Uh, er, I'm not too sure about this. It may well suffice
for casual coiling. It is assuredly not acceptable in
in professional practice:
Paralleling two fuses or two breakers to double the current
interruption capability is shakey at best. I'm not at
liberty to give a lengthy dissertation on why at the moment
(nor either would most want to read it). Suffice to say
it does not automatically give you 20-amps of protection
to run two 10-amp fuses or breakers in parallel in one
(or both) sides of the line.
Fuses and breakers are used for either of two
ways: To =allow= current or to =limit=
current. In the latter case, there is usually
some sensitive/expensive/difficult-to-replace
equipment which must =never= be subjected to
to overcurrents (fast blo fuses usually used
here). In this case especially it would be
exceedingly unwise to parallel fuses.
If one is going to parallel fuses/breakers for casual coiling
=at least= make certain the fuses/breakers are identical in
type, rating, mfg'r.
[ ... ]
-> system down from a remote position. This remote panic button is
-> mounted in a box and attached via a cable to the control panel. The
-> panic button is "portable" in the sense that I can move it anywhere I
-> want.
-> PANIC buttons should be a LARGE pushbutton, and preferably
-> illuminated so that you can't miss it in the dark! Place it where you
-> can slam it quickly in case of an emergency.
[ ... ]
The idea of a panic button is a super-excellent one.

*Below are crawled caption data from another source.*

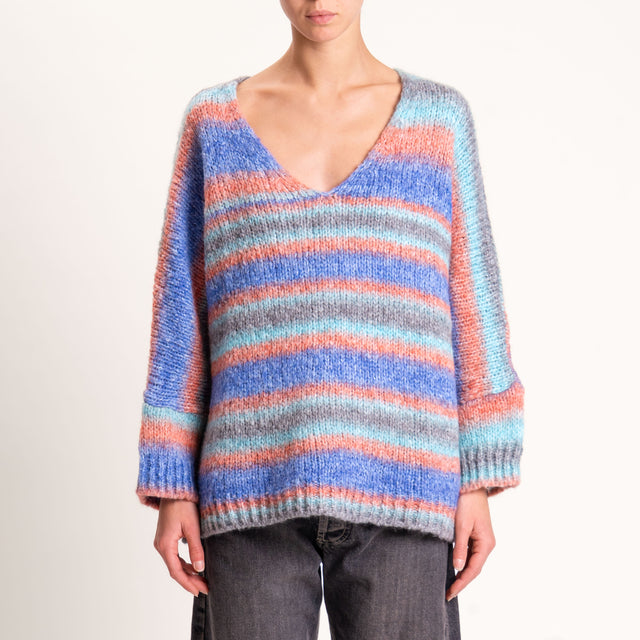 Zeroassoluto-Maglia a righe manica 3/4 misto lana - avio/acqua/grigio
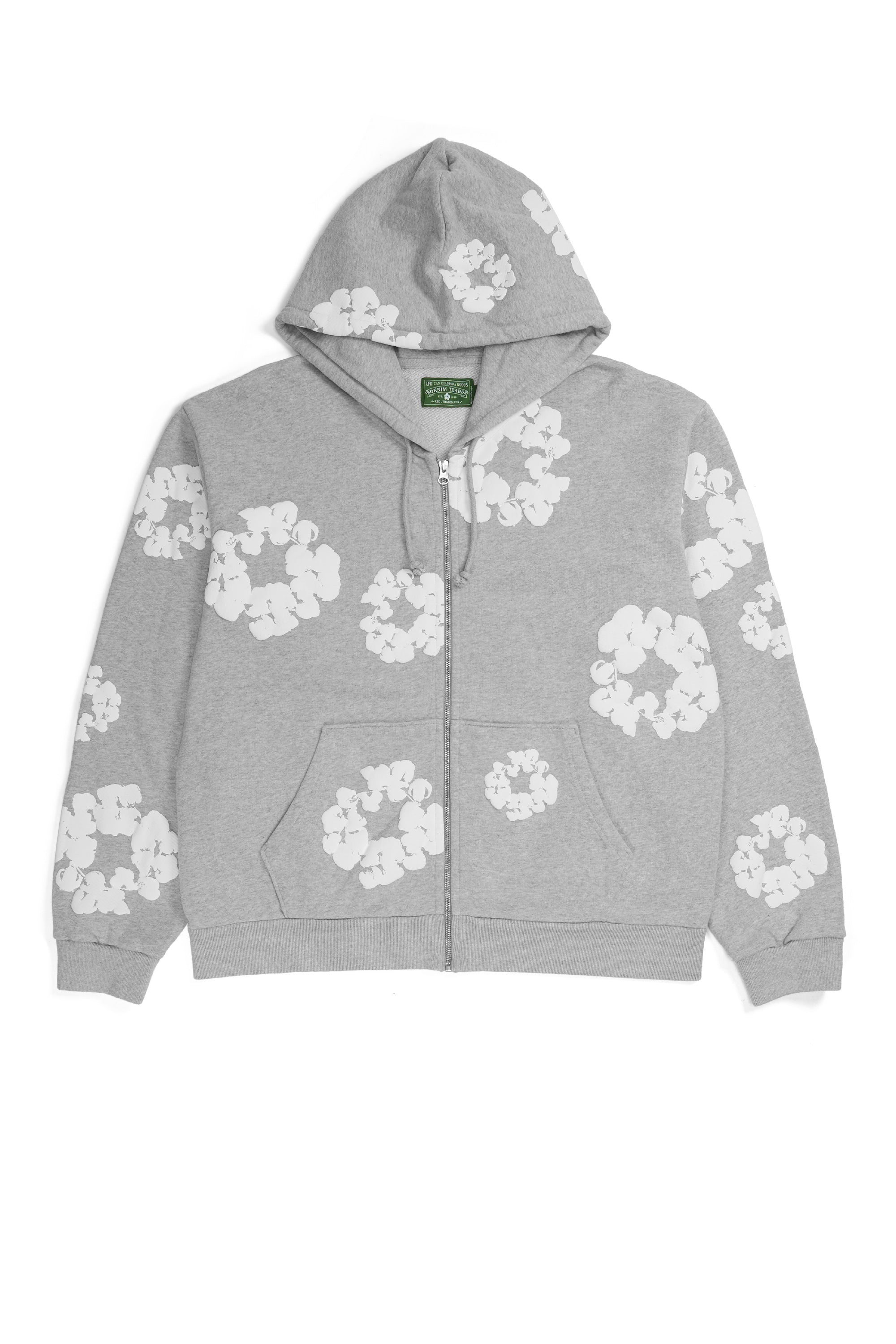 Cotton Wreath Zip Hoodie Grey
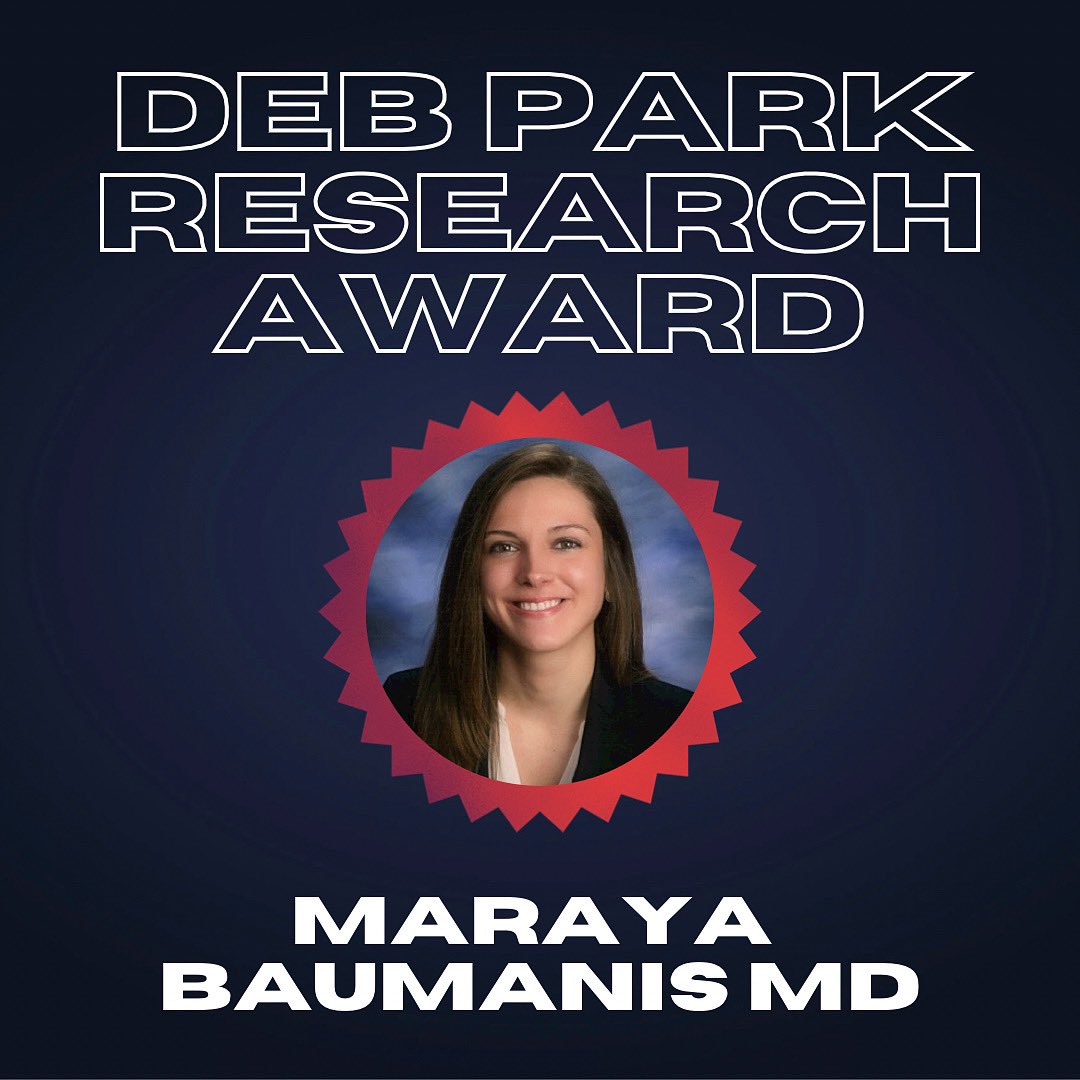 Deb Park Research Award in #OtoHNS recognizes #residENT <a href="/MarayaBaumanis/">Maraya Baumanis</a> MD for research on multimodal analgesia in head &amp; neck free flaps. Mentor: <a href="/lshnayderMD/">Lisa Shnayder, MD</a>  Watch for the @triologicalsociety thesis pub! <a href="/ku_ent/">KU Otolaryngology - Head & Neck Surgery</a> <a href="/kumedcenter/">KU Medical Center</a> <a href="/kumc_gme/">University of Kansas Graduate Medical Education</a> #ENTsurgery #WeAreOto #MedEd #OHNS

I would propose that the panic button (more professionally
stated: emergency-stop button or E-Stop as they are widely
called { =real= professionals would never actually panic,
you understand} ) be mounted in a small box at the end of
a long cable, preferably shielded cable or cable in flexible
conduit, conduit or shield grounded.
Cradle the panic button box in your hand at all times when
operating under power. That way if you panic (er -- I mean
experience an untoward event) you can hit the button instantly.
Dr. Tesla counseled keeping one hand in one's
pocket at all times. Taking a page from Fr.
McGahee's book (or rather post) I'd say: one hand
in one's pocket and the other on one's panic button.